STF: Oh, give it time, I’m sure there will be a worse one.
HH: Yeah, knowing the Knicks. Probably so.
STF: Growing up, what did you read that inspired you to want to write?
HH: SLAM magazine. When I was in eighth grade, I’d need help with my math homework, and I’d go in my brother’s room and he’d show me how to work the problems. In his room were big stacks of SLAM magazines on his dresser. I’d look through them and read the articles. For someone just getting into the sport, it was so cool.
STF: Now you get to work for SLAM. How did that opportunity come about?
HH: Last year, I sent a letter to SLAM saying “I’m really interested in an internship if you have an opening.” I wrote up a really nice letter with my resume. And a few days later, I saw that they started to follow me on Twitter, and I freaked out. Then a few minutes after that, I got an email from the editor in chief.
STF: That’s an amazing thing about the internet age. You can just email someone you never would have been able to speak to in the past.

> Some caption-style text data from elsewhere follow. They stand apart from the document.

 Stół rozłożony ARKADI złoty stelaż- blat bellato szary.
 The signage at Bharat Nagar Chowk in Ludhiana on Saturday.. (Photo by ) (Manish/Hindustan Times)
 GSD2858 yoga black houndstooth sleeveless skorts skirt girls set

HH: Yeah. My first interactions with SLAM were through Trash Talk via email. A couple of those got published, and I’d comment on the site, and get lots of replies from the editors online. So when I snail mailed them, I mentioned “you already know me” So that helped me get their attention, too.

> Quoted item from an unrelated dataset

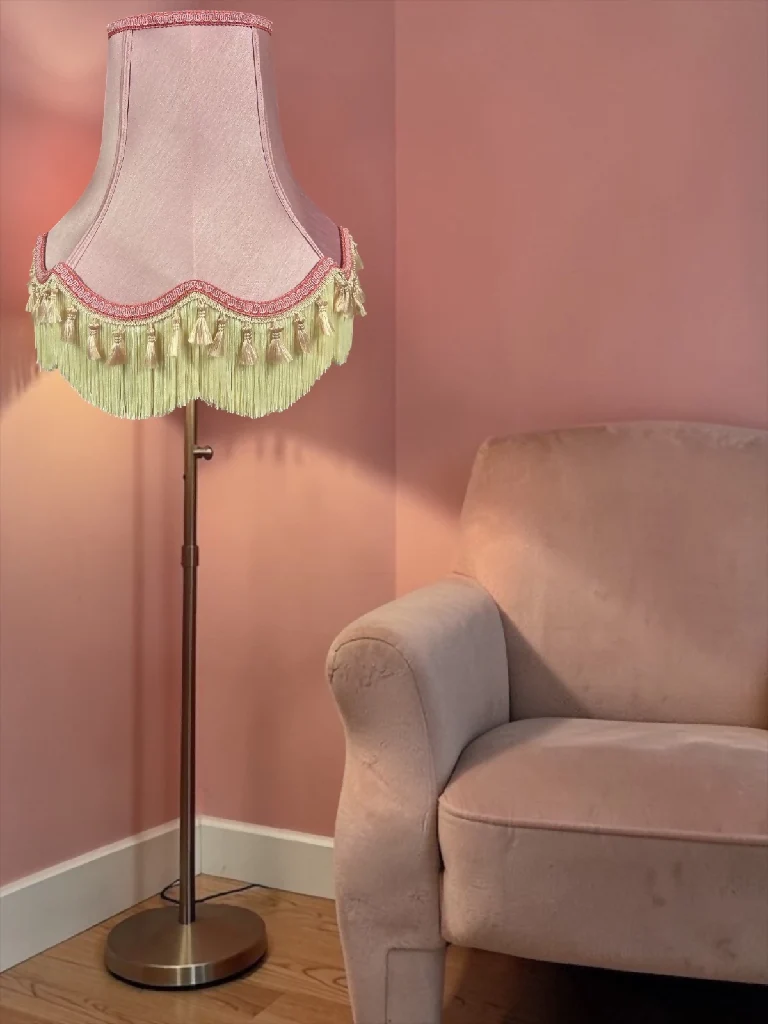 Traditional rose pink fabric lampshades with light pink tassels - Available in 8 sizes - Image 2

STF: Are you still in college?
HH: Yes, I’m going to graduate in May.
STF: Have you been studying writing, or was this a sideline that took off?
HH: I’m a journalism major at Rutgers.
STF: What’s on your bucket list of people or events you’d like to cover?
HH: This may sound strange, but I’d really like to do a story about Mike Breen. Some people aren’t huge fans of his, but ever since I started watching MSG, he and Clyde (Frazier) have called all of the Knicks games. I think he’s really interesting, and has a lot of insight.
In terms of players, LeBron James. It would be amazing to interview him. I really like Ricky Rubio and Kevin Love. I think the Timberwolves have an interesting dynamic. I’d love to find a story that hasn’t been tapped into before. Writing about up-and-coming players would be cool.
STF: You tweeted (via @HabeebaHusain) a while back that you never thought you’d enjoy interviewing people, which is a feeling I’ve had before. Is there something about interviewing strangers that you find challenging?
HH: I had just interviewed somebody for SLAM when I tweeted that. When I first got into my major and started doing assignments for school, interviews would throw me off. I’d get intimidated by people. It’s not that I don’t like talking to people, but I was stopping myself from approaching people sometimes. My professors forced me to do it at first, and I found that once the conversation starts, you find things you have in common with the people you’re interviewing. I never expected that.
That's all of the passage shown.